María estaba de rodillas, con la espalda arqueada, su cuerpo diminuto casi perdido entre la inmensidad del demonio.
Ézgal la sostenía con ambas manos, sus dedos grandes y ásperos marcaban la piel de ella sin piedad, pero con un cariño pervertido.
Ella no se resistía: participaba. Se entregaba.
Sus ojos, abiertos y oscuros, brillaban con un fuego ajeno a este mundo. Sus labios estaban entreabiertos, jadeando con un deseo brutal que heló la sangre de Narel.
Ézgal, con voz grave y burlona, murmuraba palabras que Narel no entendía, pero que retumbaban en sus huesos.
—Mi doncella, mi fuego, mi oscuridad… —decía el demonio, mientras su falo, gigantesco y venoso, se movía con lentitud ritual sobre el cuerpo de María—. Ella es mía. Es la esencia de mi poder.

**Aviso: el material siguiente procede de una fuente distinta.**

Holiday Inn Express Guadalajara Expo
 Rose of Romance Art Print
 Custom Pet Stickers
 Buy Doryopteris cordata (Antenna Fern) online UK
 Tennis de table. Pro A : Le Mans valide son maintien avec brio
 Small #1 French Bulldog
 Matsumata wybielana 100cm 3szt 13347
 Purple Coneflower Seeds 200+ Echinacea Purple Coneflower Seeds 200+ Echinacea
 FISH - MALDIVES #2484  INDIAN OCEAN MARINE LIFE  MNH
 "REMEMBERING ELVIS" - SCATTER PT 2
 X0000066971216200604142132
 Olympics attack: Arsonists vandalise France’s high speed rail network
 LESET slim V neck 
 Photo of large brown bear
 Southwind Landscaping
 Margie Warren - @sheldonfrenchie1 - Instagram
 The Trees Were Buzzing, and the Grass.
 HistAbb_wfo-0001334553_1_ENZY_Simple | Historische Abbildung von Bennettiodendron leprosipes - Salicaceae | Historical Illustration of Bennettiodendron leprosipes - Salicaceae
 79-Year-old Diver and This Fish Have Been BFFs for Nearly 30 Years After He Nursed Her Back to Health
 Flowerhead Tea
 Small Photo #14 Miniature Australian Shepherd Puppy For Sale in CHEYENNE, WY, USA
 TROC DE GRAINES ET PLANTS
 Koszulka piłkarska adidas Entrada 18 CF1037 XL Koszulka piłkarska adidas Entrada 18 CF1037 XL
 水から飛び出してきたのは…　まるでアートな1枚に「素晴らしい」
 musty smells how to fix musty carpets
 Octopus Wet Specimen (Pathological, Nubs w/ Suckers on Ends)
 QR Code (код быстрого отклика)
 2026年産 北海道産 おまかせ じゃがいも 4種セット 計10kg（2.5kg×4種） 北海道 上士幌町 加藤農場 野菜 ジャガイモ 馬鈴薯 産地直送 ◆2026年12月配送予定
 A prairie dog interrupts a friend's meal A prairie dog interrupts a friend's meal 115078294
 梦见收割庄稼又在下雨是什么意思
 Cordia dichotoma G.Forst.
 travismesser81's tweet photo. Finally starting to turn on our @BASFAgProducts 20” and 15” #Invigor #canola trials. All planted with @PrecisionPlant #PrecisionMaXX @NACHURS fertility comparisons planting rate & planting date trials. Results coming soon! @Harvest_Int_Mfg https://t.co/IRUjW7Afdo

Narel, paralizado, apenas pudo susurrar:
—¡María…!
Pero ella no respondió. No se volvió. No pidió ayuda.
Solo siguió entregada, perdida en un éxtasis que Narel no podía comprender.
El joven apretó los puños, con la ira y el dolor abrasando su garganta.
—¡Sal de ella! ¡Libérala!
Ézgal rió, un sonido profundo y oscuro que retumbó en la caverna viva.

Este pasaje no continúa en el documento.